Parson’s senior notebook includes his written philosophy of art, photographs of the artist’s works and his process, and a copy of his senior exhibition brochure. As a part of the Texas Southern art curriculum under Dr. John T. Biggers and Professor Carroll Harris Simms, students would create these notebooks to explain their artistry and showcase the works they created as students.
“Owl,” by Oliver Parson, features spiraled embellishments on the head and symmetrical holes on the wings, with a gray slip painted on the body. In the middle of the figure’s body, a crescent shape cradles a small egg, perhaps referencing owls’ nocturnal natures. Parson experimented with different clay colors in his terracotta sculptures.
This drawing by Oliver Parson shows a group of emaciated children seated on a checkerboard patterned floor. There is also a chick, just hatched from its egg, that seems to be struggling to survive. Parson has an incredible talent for conveying powerful emotions in his works. The checkerboard and other sacred geometry imagery appear frequently in the works of Dr. Biggers's students.
Parson’s painting shows a young girl shielding her face.
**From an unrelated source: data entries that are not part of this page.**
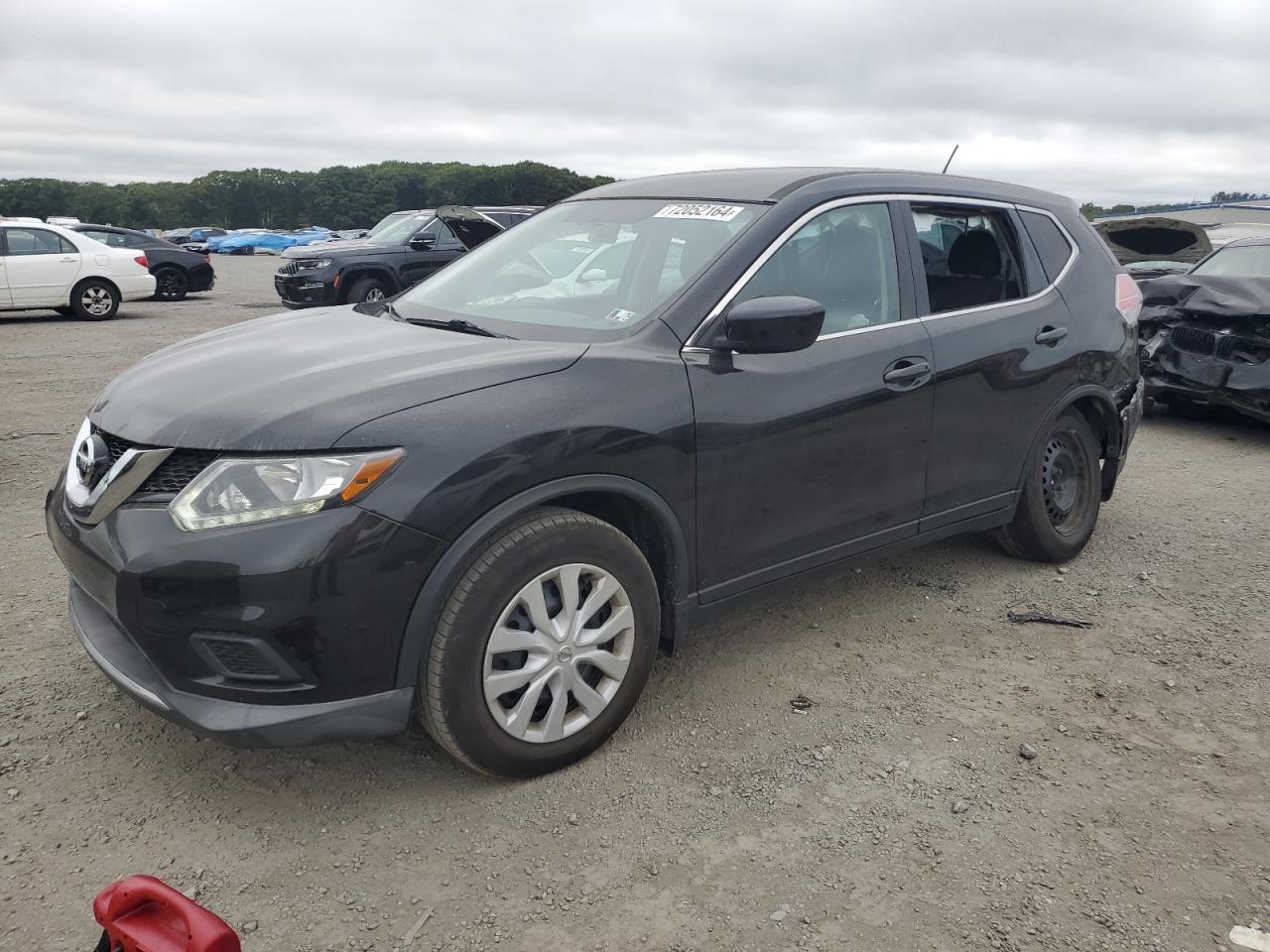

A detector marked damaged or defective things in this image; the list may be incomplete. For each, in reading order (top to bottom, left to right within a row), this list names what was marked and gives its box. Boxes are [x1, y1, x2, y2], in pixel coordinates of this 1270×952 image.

crashed car hood [1091, 214, 1208, 262]
crashed car hood [89, 306, 583, 451]
damaged gray car [1137, 237, 1270, 423] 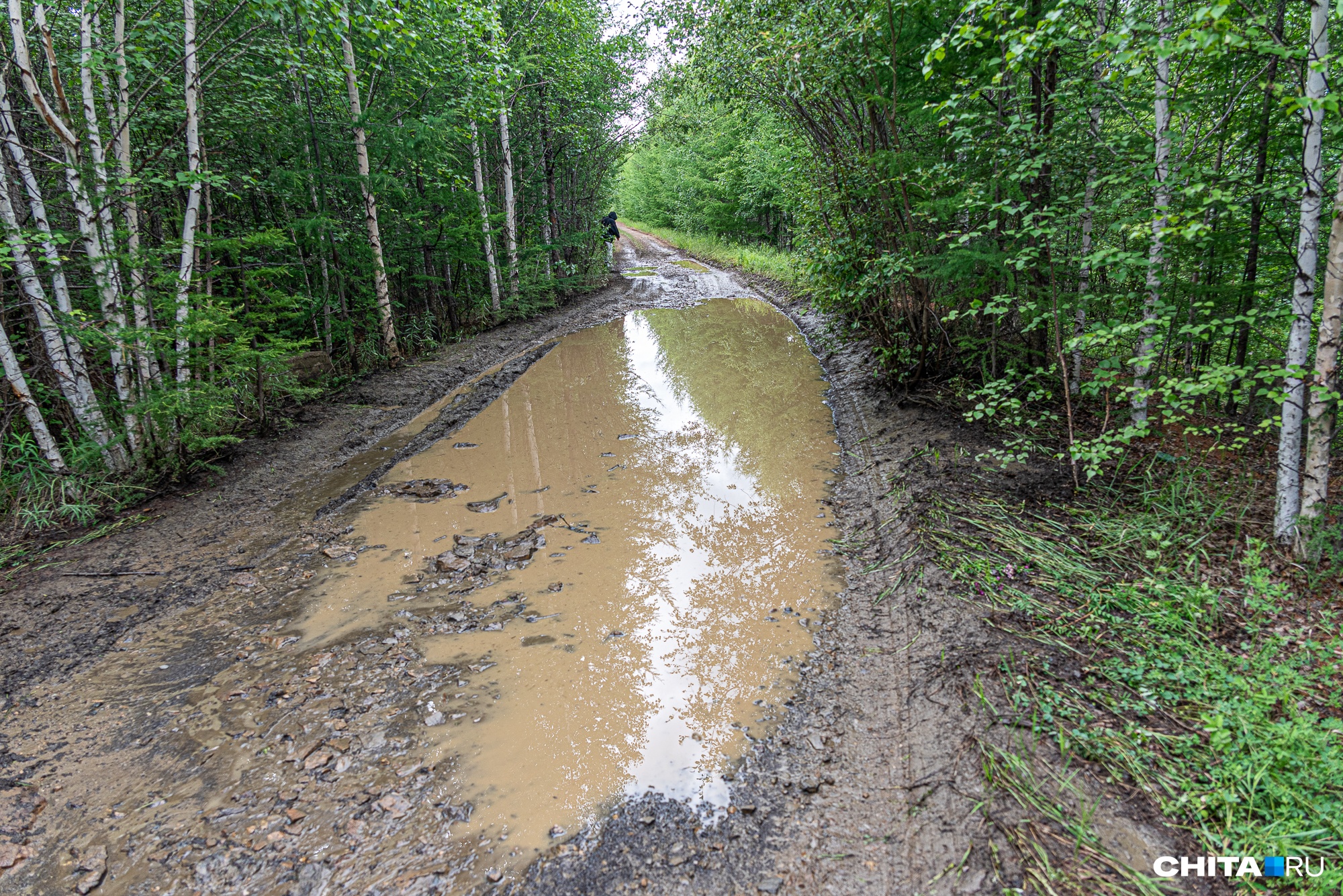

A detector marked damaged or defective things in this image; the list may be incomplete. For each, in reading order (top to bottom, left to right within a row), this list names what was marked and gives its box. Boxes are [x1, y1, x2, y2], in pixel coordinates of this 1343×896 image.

waterlogged pothole [297, 298, 838, 886] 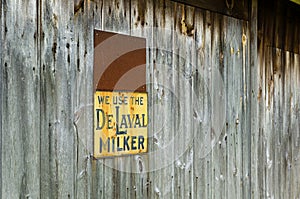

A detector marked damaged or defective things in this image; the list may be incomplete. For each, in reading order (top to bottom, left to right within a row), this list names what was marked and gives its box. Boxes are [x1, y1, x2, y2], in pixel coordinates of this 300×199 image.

rusted metal sign [92, 29, 146, 157] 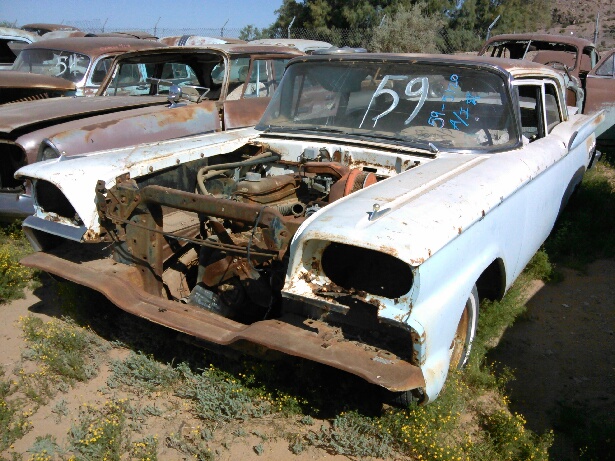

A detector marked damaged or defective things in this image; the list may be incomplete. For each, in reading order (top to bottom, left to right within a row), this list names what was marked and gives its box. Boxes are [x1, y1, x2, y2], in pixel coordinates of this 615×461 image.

rusted car body [0, 27, 38, 69]
rusted car body [1, 36, 166, 102]
rusted car body [0, 44, 300, 220]
rusty brown car [0, 44, 300, 220]
rusted car body [478, 33, 615, 149]
rusted car body [16, 53, 604, 398] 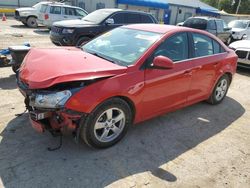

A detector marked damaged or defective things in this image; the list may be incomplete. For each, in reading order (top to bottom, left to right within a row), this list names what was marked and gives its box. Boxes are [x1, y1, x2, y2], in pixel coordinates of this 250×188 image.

crumpled hood [19, 48, 127, 90]
damaged front end [16, 74, 86, 142] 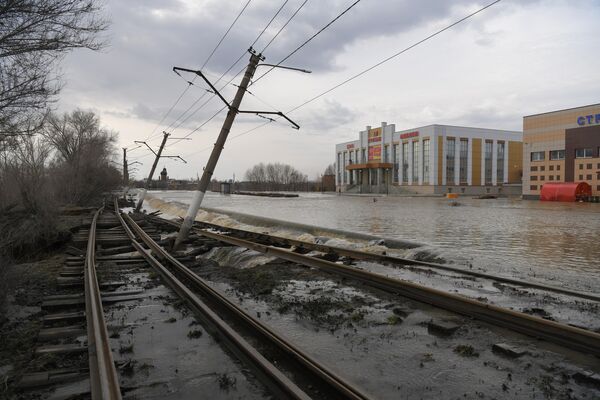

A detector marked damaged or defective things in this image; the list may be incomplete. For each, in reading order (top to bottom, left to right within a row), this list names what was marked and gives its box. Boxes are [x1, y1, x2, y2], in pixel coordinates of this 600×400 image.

rusty rail [84, 208, 122, 398] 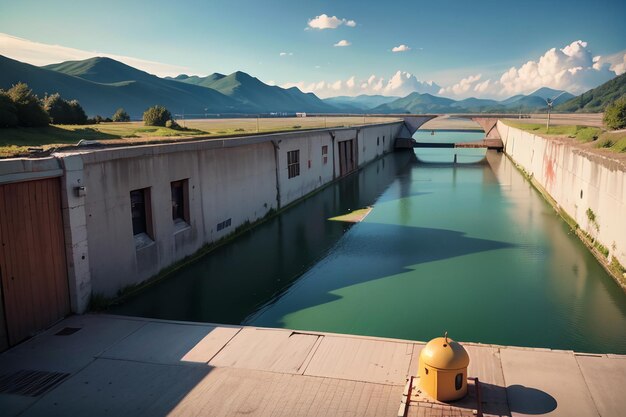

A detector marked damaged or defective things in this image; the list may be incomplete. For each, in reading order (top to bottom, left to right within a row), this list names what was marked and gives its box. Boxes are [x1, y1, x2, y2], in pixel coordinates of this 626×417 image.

rusty steel door [0, 177, 69, 346] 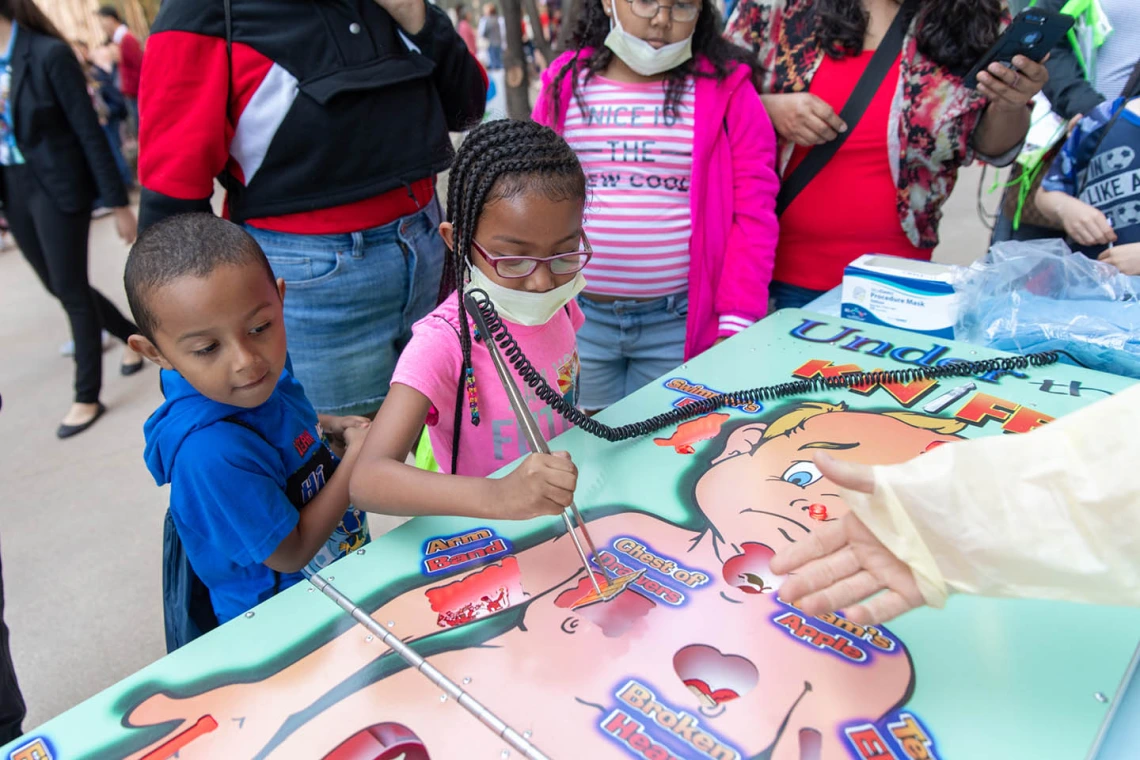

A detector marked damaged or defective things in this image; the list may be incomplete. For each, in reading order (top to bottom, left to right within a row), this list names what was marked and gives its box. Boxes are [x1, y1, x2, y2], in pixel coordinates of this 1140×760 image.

broken heart cavity [648, 412, 728, 454]
broken heart cavity [424, 560, 520, 628]
broken heart cavity [556, 572, 652, 640]
broken heart cavity [720, 544, 780, 596]
broken heart cavity [672, 644, 760, 708]
broken heart cavity [320, 720, 430, 760] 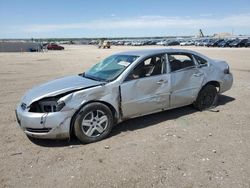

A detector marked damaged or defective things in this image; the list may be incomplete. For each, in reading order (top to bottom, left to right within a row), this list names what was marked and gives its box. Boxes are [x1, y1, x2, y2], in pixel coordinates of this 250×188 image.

crumpled hood [21, 75, 102, 106]
damaged car [15, 49, 233, 143] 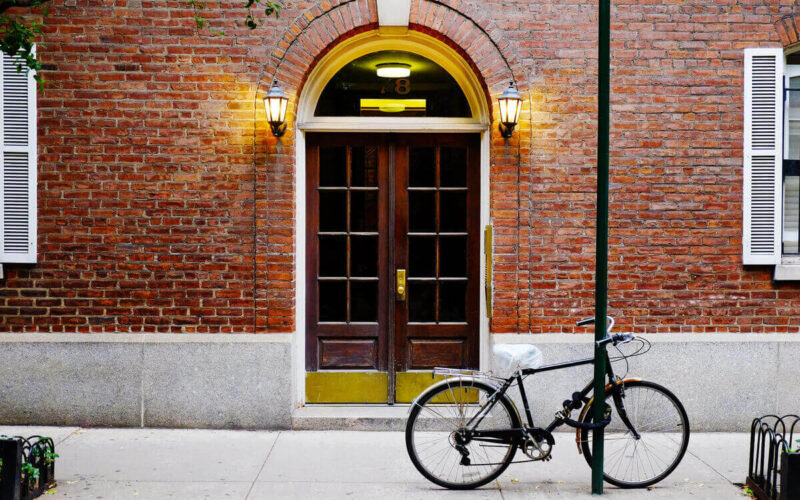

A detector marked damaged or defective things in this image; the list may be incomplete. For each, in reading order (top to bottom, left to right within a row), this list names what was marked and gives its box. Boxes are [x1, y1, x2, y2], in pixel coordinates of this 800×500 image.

sidewalk crack [244, 430, 282, 500] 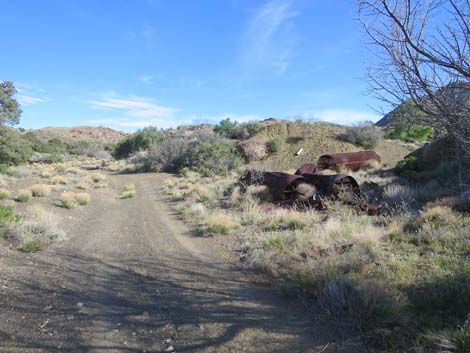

To the left, a crow holds a coin and a dollar bill is on a fishing line; to the right Jesus is crucified, below a perched crow. The crows may allude to Jim Crow, which made racism law from after the Civil War until the 1960s; crows are also a symbol of death. The dollar bill as bait perhaps suggests the corrupting nature of money.
Parson's print shows a face with closed eyes and a solemn expression on its face. In the background, three crosses stand ominously, alluding to the crosses where Jesus, Dismus, and Gestas were crucified. Dark, crosshatched swirls fill the entire composition. Parson and other TSU students learned the crosshatching technique from Dr. Biggers and used it to create smooth, detailed shapes.
This work, by Oliver Parson, is a calm and dreamlike scene of a child sitting in a prairie, as an angel and a person both race towards him. Both figures may represent salvation; the person aims to rescue him from death, while the angel tries to save him from Earth. A faint glow emanates from the child.